Thursday, May 26, 2016

Class 18

The training is in the bank. You’ve gone longer that next week’s test distance at a slower pace on Tuesdays, and you’ve gone faster for a shorter distance on Thursdays. Now you can combine distance and speed in a 5K or 10K test on the final Tuesday.

You’ll aim for anything faster than your last long run. You’ll run on the river path, to EWEB for the shorter test and to the 0.25 milepost for the longer one.

TODAY’S EASY 2.1 MILES

(with per-mile pace and comparison to your last long run here; target was to go no faster than that pace, at half the distance, as taper for next Tuesday’s 5K test)

Bryce – 20:46 (9:51 pace, +13 sec. per mile) day's 2nd best pacer
Alex – 18:32 (8:51s, -47 sec.)
Elliot – 19:54 (9:28s, -2:19)
Doug – untimed

TODAY’S EASY 3.9 MILES

(with per-mile pace and comparison to your last long run here; target was to go no faster than that pace, at half the distance, as taper for next Tuesday’s 10K test)

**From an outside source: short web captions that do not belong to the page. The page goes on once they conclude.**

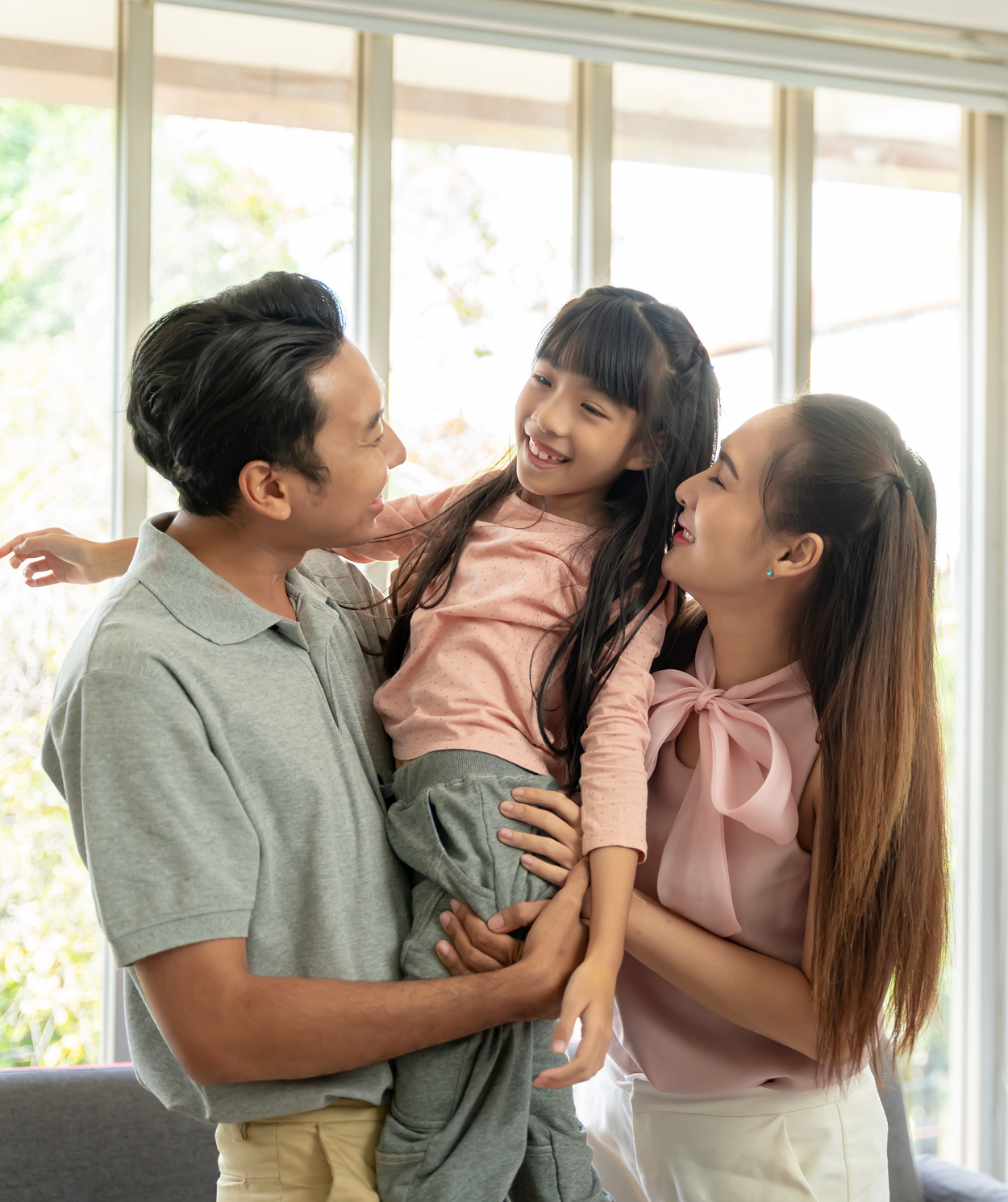 A man and woman are holding a little girl in their arms in a living room.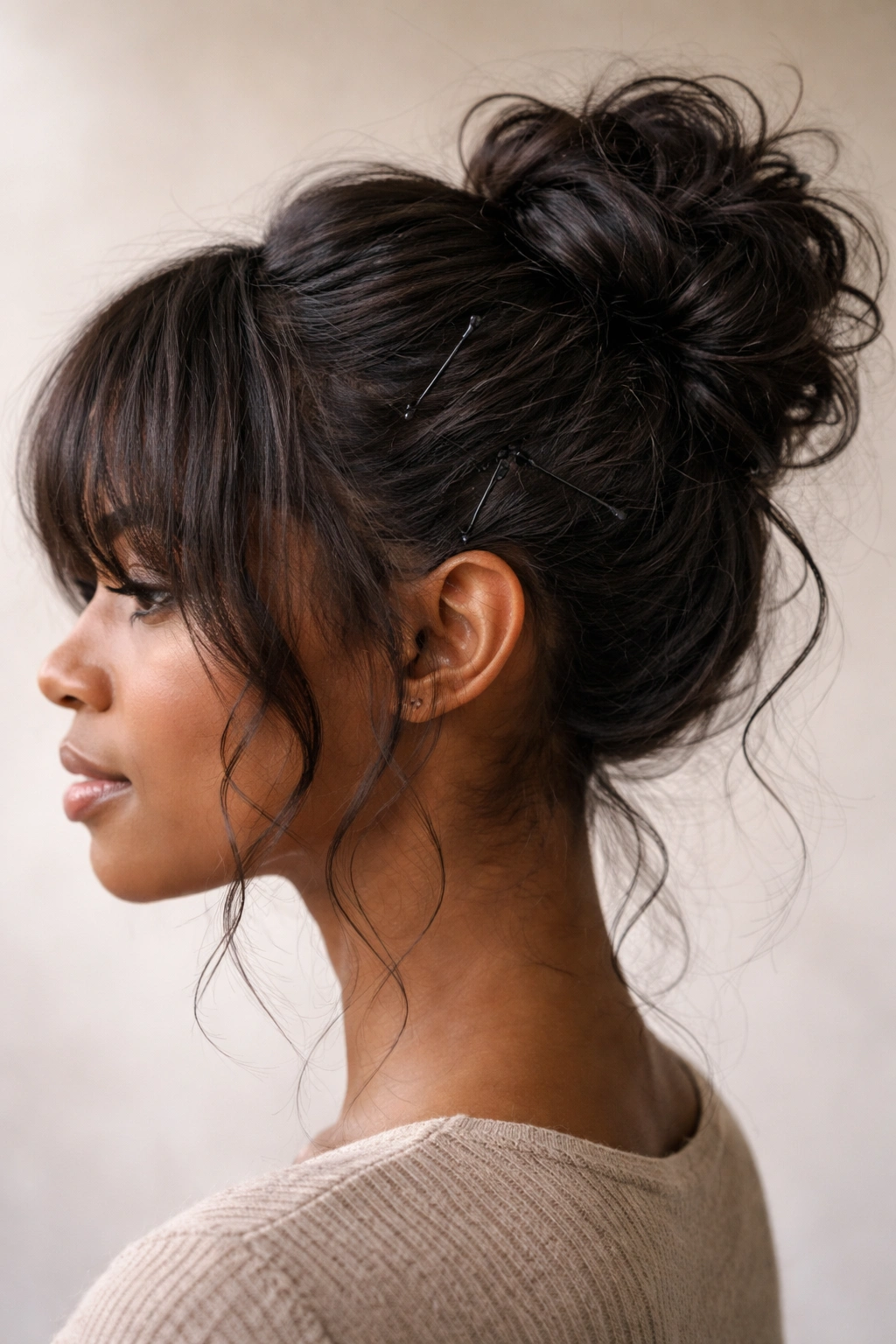 Side view of a textured bun secured with bobby pins and some loose strands.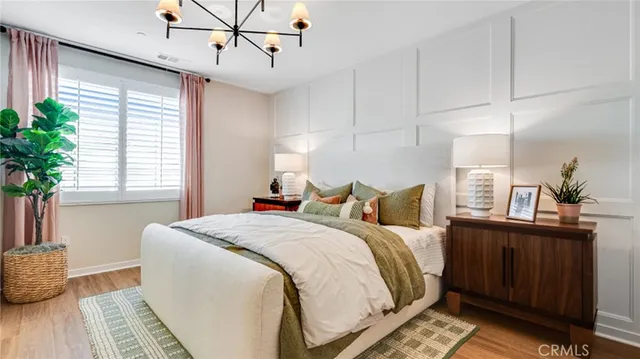 a bed room with a bed and a window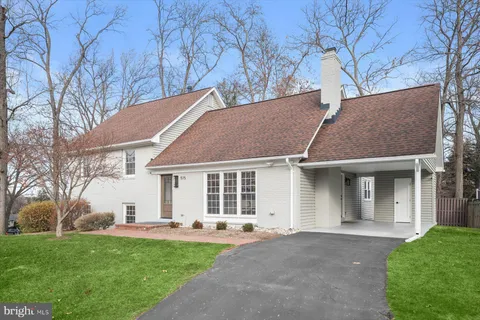 a house that has a tree in front of it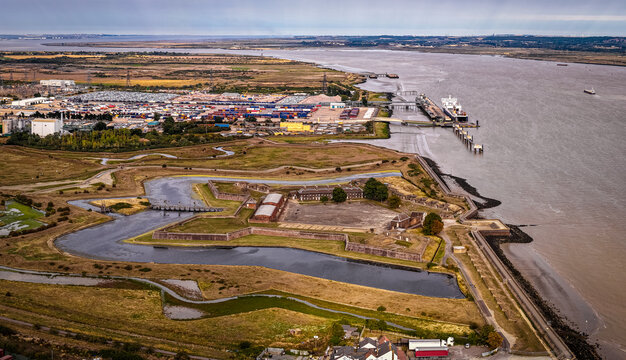 Drone shot of historic Tilbury Fort in Essex, UK, showcasing its star-shaped defensive design by the Thames. Great for themes like heritage, tourism, architecture, and military history visuals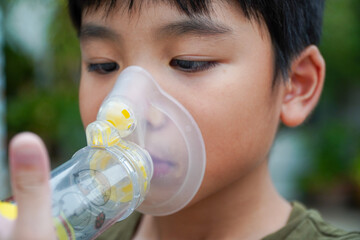 Cute Asian boy with asthma using inhaler and spacer,Inhaler, spacer and mask - obrazy, fototapety, plakaty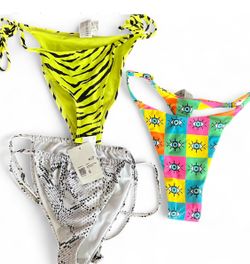 Vibrant swimwear bikini bottom from Forever 21. Includes neon yellow with black stripes, colorful eye pattern, and black and white snake print designs
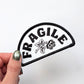 Patch with 'FRAGILE' text and a rose design held by a hand against a white background
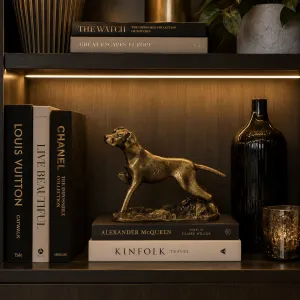 Luxury Running Dog Bronze Sculpture on Textured Base in Golden or Antique Bronze Finish Lifestyle View by Luxury Group International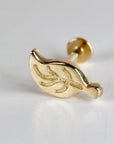 Gold leaf-shaped body jewelry with a textured surface. The jewelry is designed for a piercing and has a post with a small ball on the end.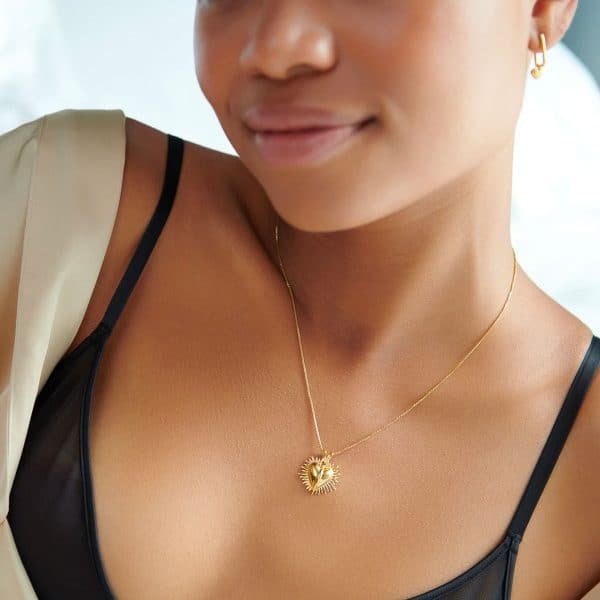 Model wearing rachel jackson gold heart necklace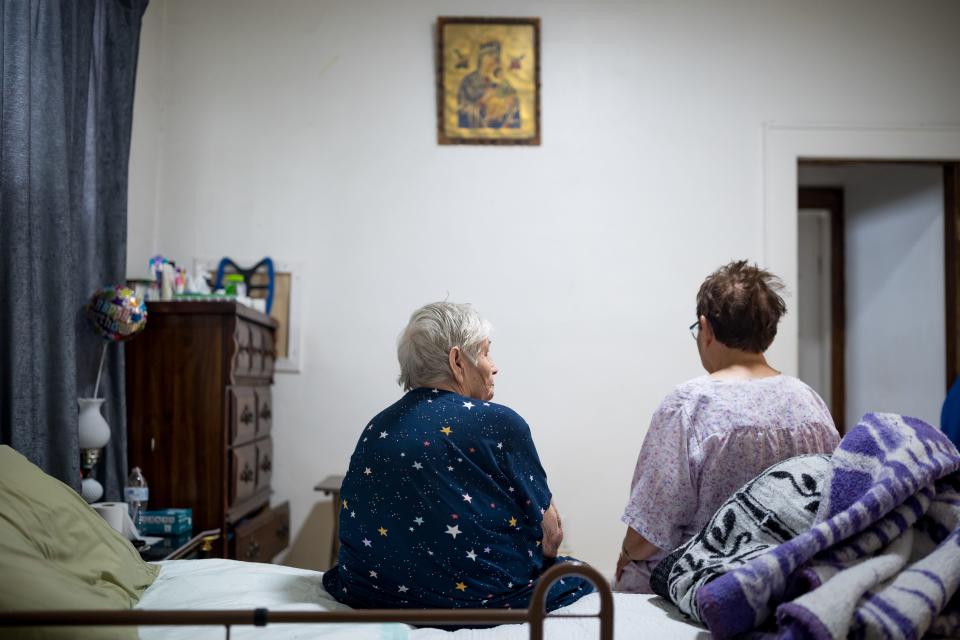 Sisters Maria and Rosa Adame sit inside their home in El Paso's Sunset Heights. A ramp was built in the back of the house because the sisters could no longer safely climb the steep stairs leading to the front door. The project was funded, in part, from El Paso Times reader and other El Pasoan donations to the Senior Fund, an annual holiday campaign.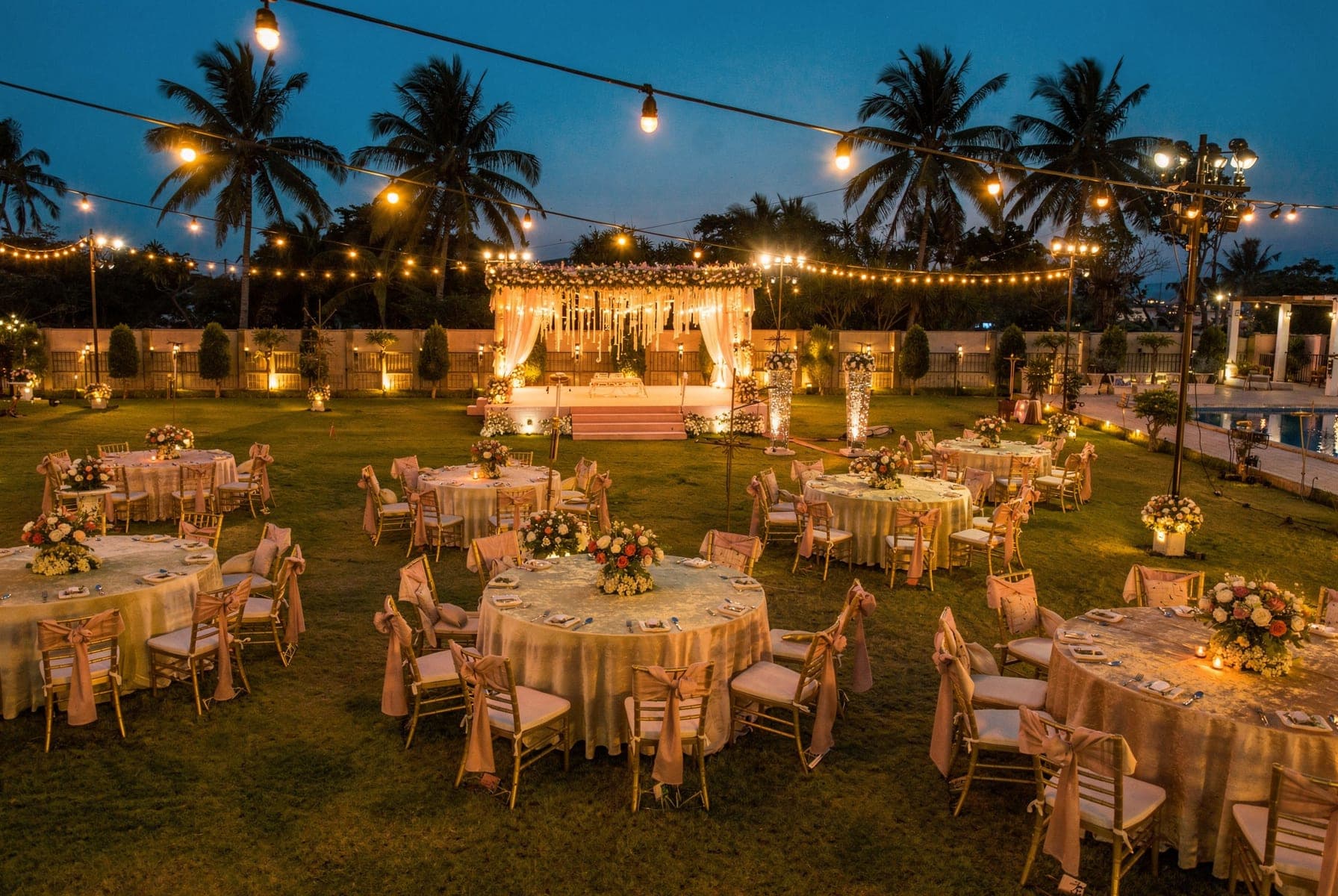 The event lawn set for dinner at dusk: round tables with gold chairs, a lit floral mandap at the far end and festoon lights overhead.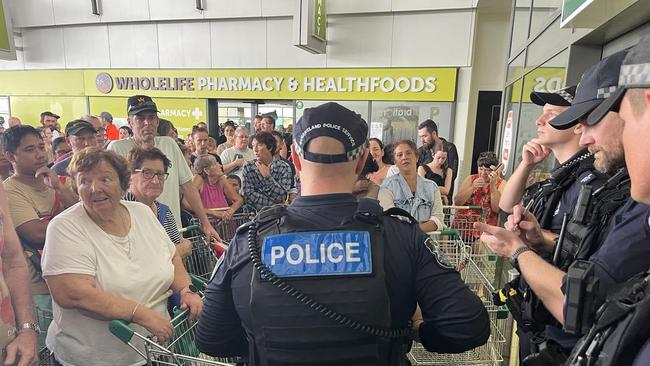 More than 200 Ingham residents wait for Woolworths to open on Wednesday with police letting 20 customers through at a time. Picture: Cameron Bates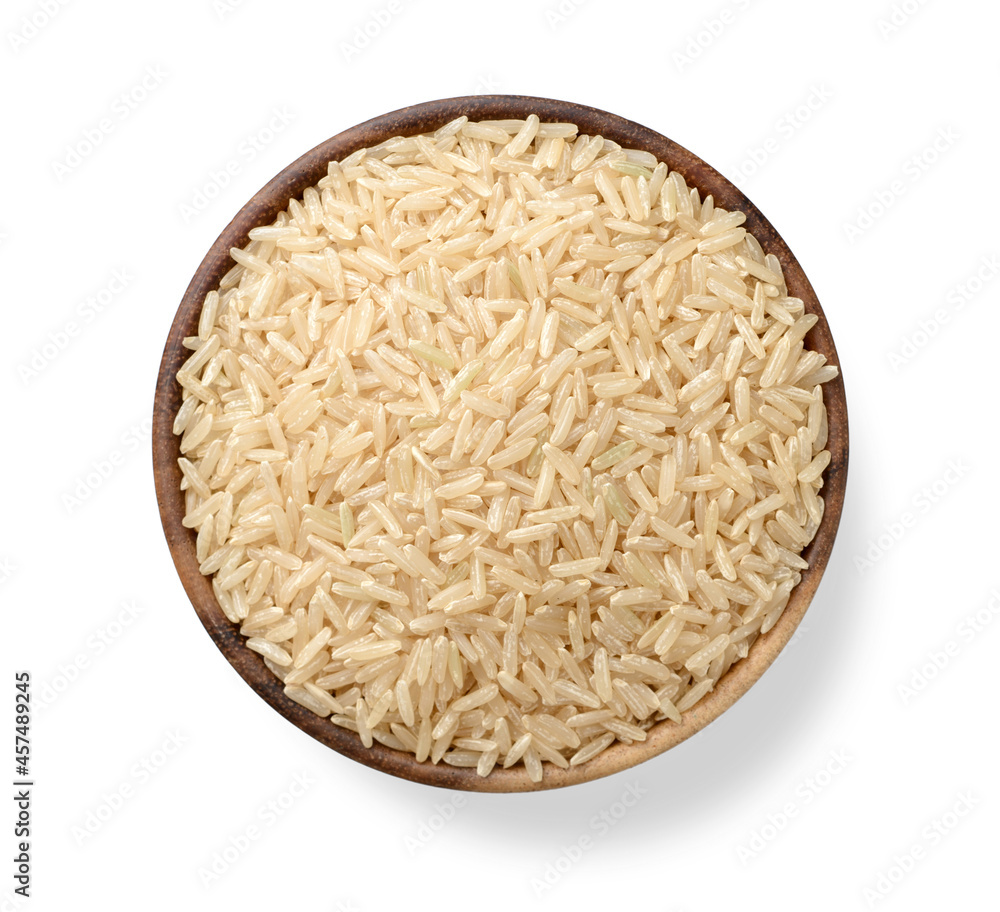 uncooked long brown rice in the wooden bowl, isolated on white, top view uncooked long brown rice in the wooden bowl, isolated on white, top view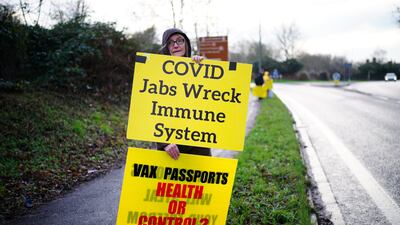 An anti-vaxxer on the side of the A39 carriageway in Glastonbury in Somerset. PA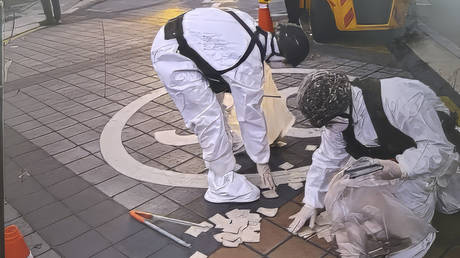 FILE PHOTO. Soldiers check a balloon carrying trash presumably sent by North Korea in a street in Seoul, South Korea.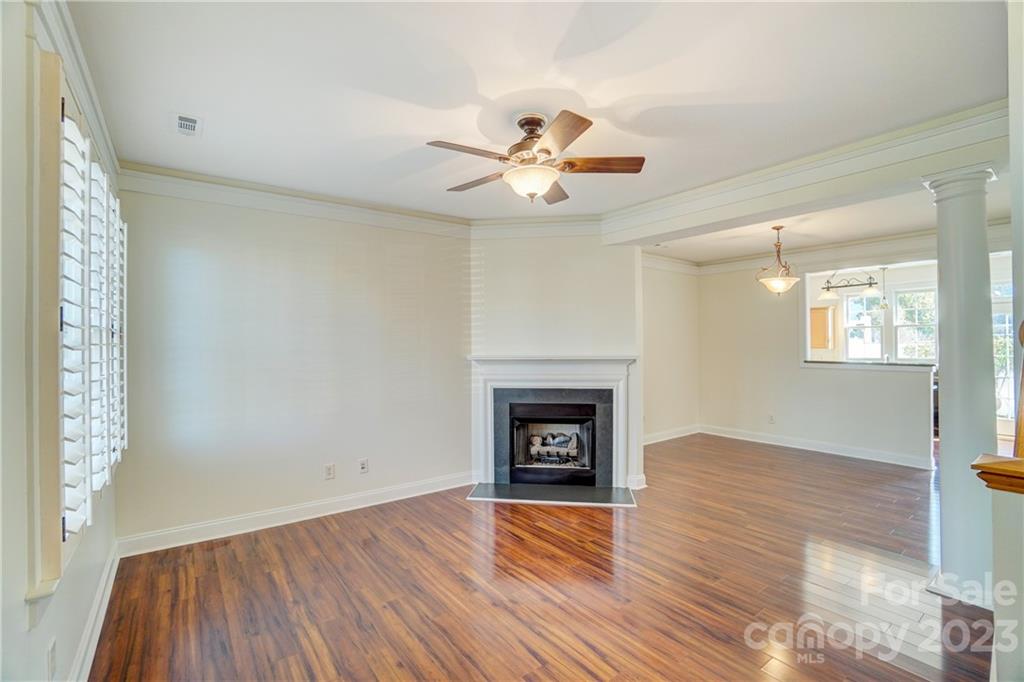 292 Elis Way Fort Mill, SC 29708 - Photo 5 of 22 a view of empty room with wooden floor and fan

Peter – 34:06 (8:44 pace, +42 sec. per mile)
Zach – 34:06 (8:44s, +56 sec.)
Matt – 24:01 (6:09s, -28 sec.)
Dillon – 31:27 (8:03s, -4 sec.) best pacer, earning extra credit
Lauren O. – 39:54 (10:14s, -30 sec.)
Miranda – 45:37 (11:41s, -37 sec.)
Becky – 39:54 (10:14s, -36 sec.)
Anna – 34:06 (8:44s, +15 sec.) day's 3rd best pacer
Lauren W. -- 4.0 miles in 37:53 (9:26s, -37 sec.)

LESSON 18: RACE PACE

Even if you’ve done everything right in training, you can cancel all that good with as little as one wrong move on raceday. The first and worst bad move is leaving the starting line too quickly. Crowd hysteria and your own raging nervous system conspire to send you into the race as if fired from a cannon. Try to work against the forces of the crowd and your natural desires. Keep your head while runners around you are losing theirs. Pull back the mental reins at a time when the voices inside are shouting, “Faster!” Be cautious in your early pacing, erring on the side of too-slow rather than too-fast. Hold something in reserve for the late kilometers. This is where you reward yourself for your early caution, by passing instead of being passed.